Definition. A regular curve $\alpha: I \to \mathbb R^3$ is a helix if there is a unit vector $v$ that forms a constant angle with $\alpha'(t), \forall t \in I$.
We can assume $\alpha$ parameterized by arc length. If $\alpha$ is a helix, then there is a unit vector $v$ such that $\langle \alpha'(s), v \rangle$ is constant. So $\langle \alpha''(s),v \rangle = 0$, that is $k(s)\langle n(s), v
\rangle = 0$. As $k(s) \ne 0$, it follows that $v$ belongs to the plan determined by $t(s)$ and $b(s)$, for each $s \in I $. So be
$$ v= \cos\theta(s)\,t(s) + \sin\theta(s)\,b(s)$$
Differentiating and using Frenet's formulas, we get
$$0 = -\sin\theta(s)\theta'(s)t(s) + (k(s)\cos\theta(s)+\tau(s)\sin\theta(s))n(s) + \cos\theta(s)\theta'(s)b(s)$$
Therefore,$\forall s \in I$,
$$\sin\theta(s)\theta'(s) = 0,$$
$$\cos\theta(s)\theta'(s) = 0,$$
$$k(s)\cos\theta(s) + \tau(s) \sin\theta(s) = 0$$
The first two equations determine $\theta'(s) = 0, \forall \in I$. Therefore, $\theta(s)$ is constant. Also, the constant $\cos\theta$ is non-zero, otherwise we would have $\tau(s)=0$, which contradicts the hypothesis. It follows from the third equality that $\frac{k}{\tau}$ is constant. Conversely, if $\frac{k}{\tau}$ is constant, we set $\theta$ such that $tg\theta = -\frac{k}{\tau}$. So $$v=cos\theta t(s) + sin \theta b(s)$$ is a constant unit vector and $\forall s \in, \langle t(s), v \rangle = cos\theta $ is constant. So $\alpha$ is helix.

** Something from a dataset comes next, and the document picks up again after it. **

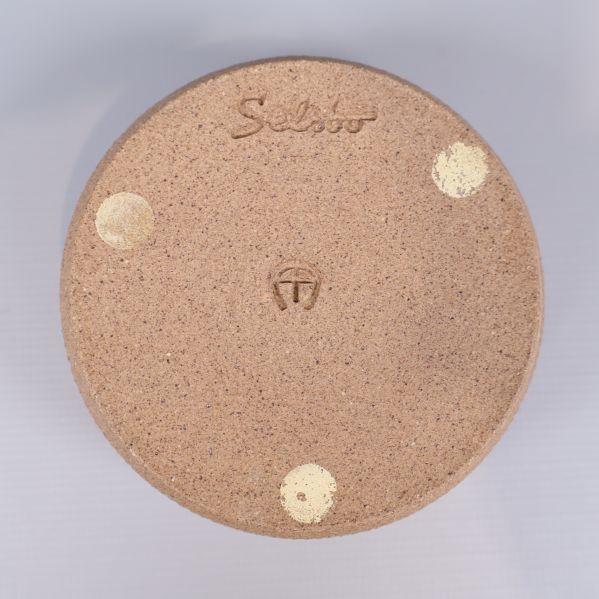 Närbild av stämpel och text Selbö på burkens botten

Apparently the answer is correct but incomplete, I'm not able to complete it.
Thanks for any help.
Best Answer
The curve $\alpha: \vec{r}(s)$ is parametrized by its arclenght. The associated vector functions $\vec{T}$, $\vec{N}$, $\vec{B}$ and Frenet-Serret formulas are explained in here: https://en.wikipedia.org/wiki/Frenet%E2%80%93Serret_formulas. In the solution, we will show these functions without the parameter $s$.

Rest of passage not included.